Three (count ’em, three) procedural orders useful for crammers for the biennial Tax Court non attorneys’ admissions exam (s/a/k/a Slaughter of the Innocents).

Duane P. Kuck & Cindy-Leigh Kuck, Docket No. 13724-24, filed 9/15/25, and called off-side by STJ Diana L. (“Sidewalks of New York”) Leyden. Seems trusty attorneys for Duane & Cindy-Leigh served their Branerton demand too soon. “A necessary predicate to a motion to compel is that a party must make a formal discovery request, and that request must be made after a case is at issue but not before 30 days after the case is at issue. See Rule 38 and Rule 70(a)(2). Petitioners served formal discovery (i.e., an interrogatory) on respondent 5 days after the case was at issue and thus, failed to comply with Rule 70(a)(2). Accordingly, because petitioners’ formal discovery was premature the Court must deny petitioners’ Motion to Compel.” Order, at p. 2. Of course they can try again, but if what they want is a conclusion of law, that won’t get past STJ Di.
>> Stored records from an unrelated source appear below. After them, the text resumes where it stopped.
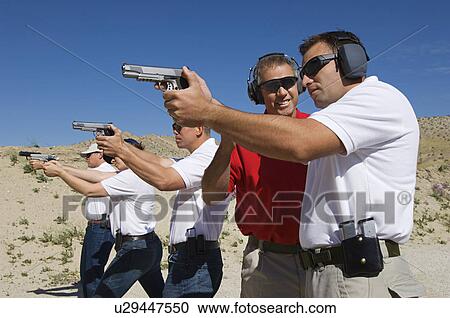 Instructor assisting men aiming hand guns at firing range View Large Photo Image Stock Image - Instructor assisting men aiming hand guns at firing range. Fotosearch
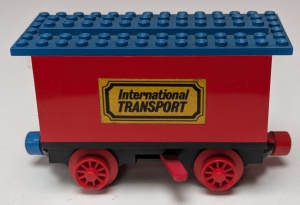 3443c04pb02-5G Batterijbox wagen 'International TRANSPORT" rood gebruikt *
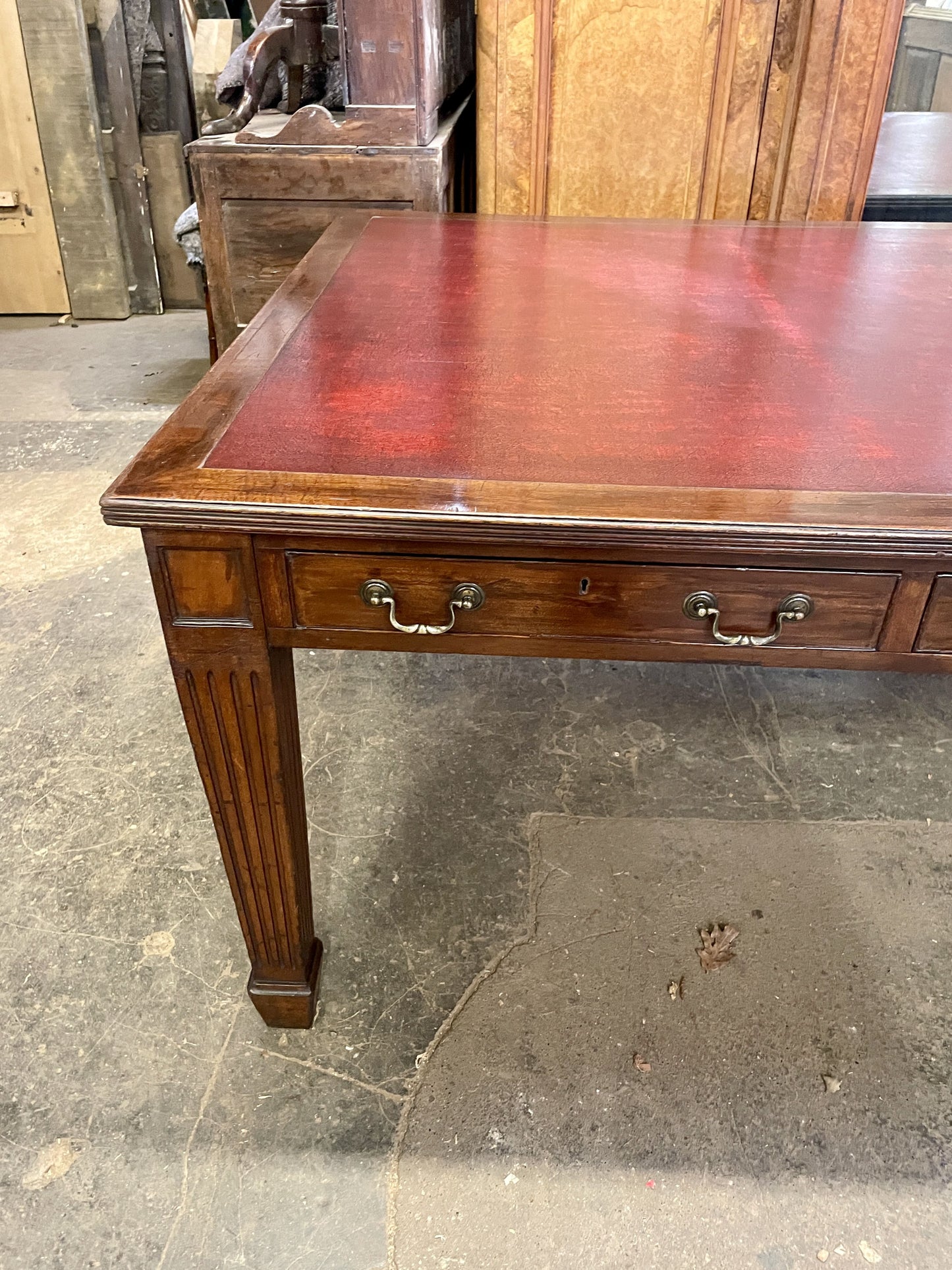 Wooden desk with leather top on a stone floor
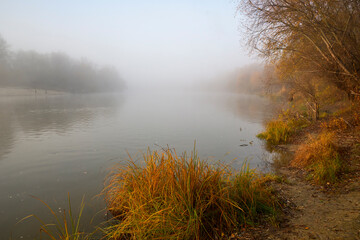 Foggy dawn in autumn by the river.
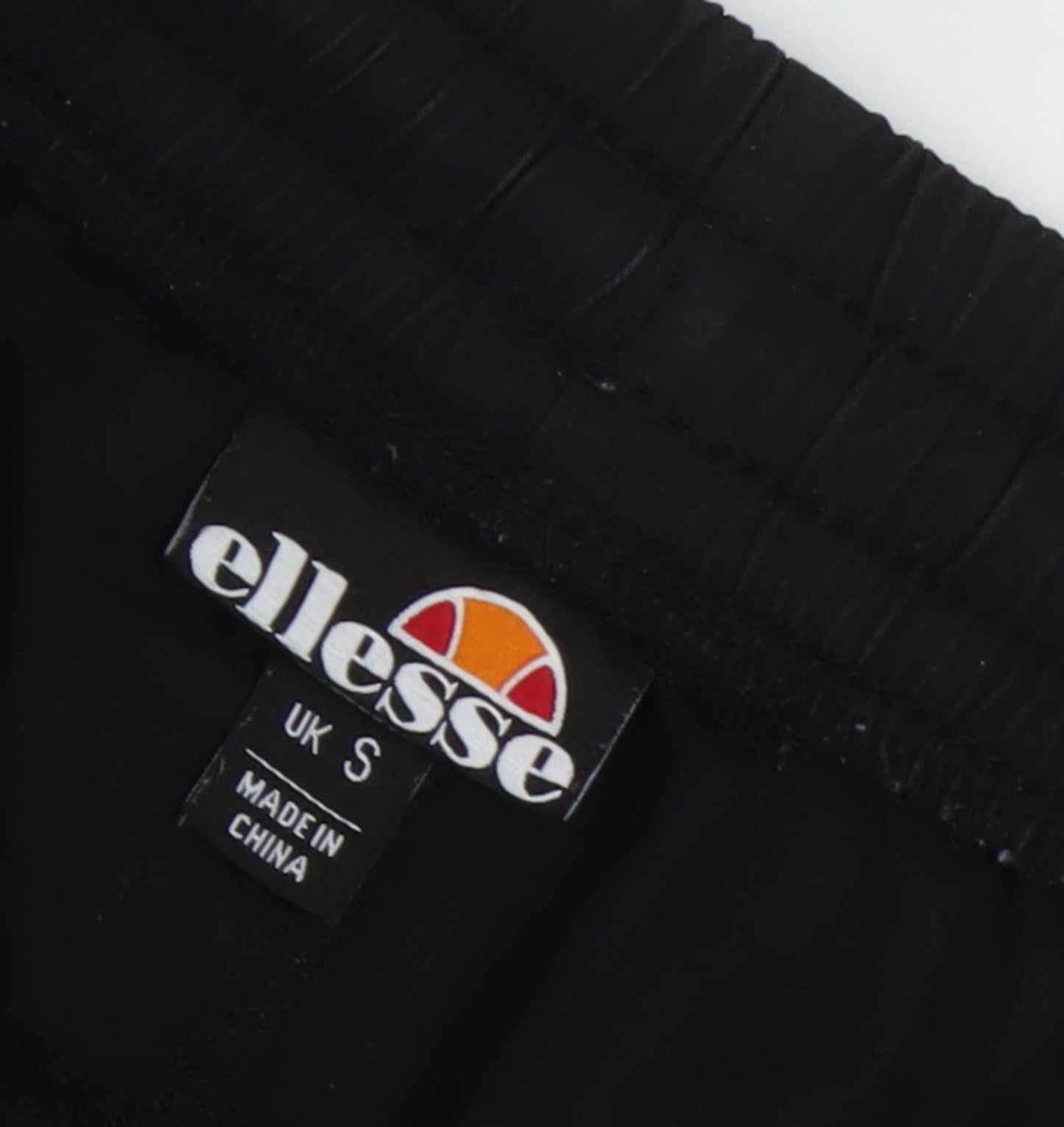 Close-up detail of Ellesse men’s black jogger trousers s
Order, at p. 3.

Ricky T. Burningham, Docket No. 19625-22L, filed 9/15/25, has his previous Tax Court appearances scheduled by Judge Mark V. (“Vittorio Emanuele”) Holmes; Ricky’s batting average isn’t great, but he does win one year. Appeals can’t produce the USPS 3877 for the SND for the one year in the four (count ’em, four) years that Ricky is contesting. The “Form 3877 is a standard post-office form that lists certified mail, the address of the recipient, and is stamped with a postmark.” Order, at p. 3. According to Hoyle, that means Ricky and IRS go back to Appeals so the SO can figure out what basis s/he had to determine that IRS sent the SND to Ricky by certified mail. If s/he can’t find proper basis, the lien is invalid, but Ricky doesn’t get to contest the amount of his liability. “The failure by the Commissioner to prove that he assessed that liability only after he mailed a notice of deficiency to Mr. Burningham is a failure to prove that he assessed the liability correctly. Without that, the lien itself would be invalid as to the [year at issue].” Order, at pp. 3-4.

Southwest Emergency Physicians, PLLC, The Real Kahuna Corporation, Tax Matters Partner, et al, Docket No. 8795-16, filed 9/15/25, but there are eight (count ’em, eight) conjoined cases here. The case goes to show what happens when cases drag on for years. IRS demands documents that the Southwesterners claim they already provided, and anyway they conceded the disallowed deductions (this is a microcaptive insurance case). All they’re fighting about now is chops, and most of what IRS wants is unrelated to chops. Besides, it’s burdensome, the PLLC is out of business, and most of the partners are dead. So Judge Travis A. (“Tag”) Greaves denies IRS’ motion to compel production without prejudice. “Respondent may narrow the scope of his request to only those documents related to the penalty issue. If a mutual agreement is not reached, respondent may use his discretion to file a motion to compel with this Court.” Order, at p. 3. Taishoff says I wonder why the Southwesterners’ trusty attorneys, for whom this is not their first rodeo, didn’t get some concessions out of IRS’ counsel on the chops before conceding the deductions.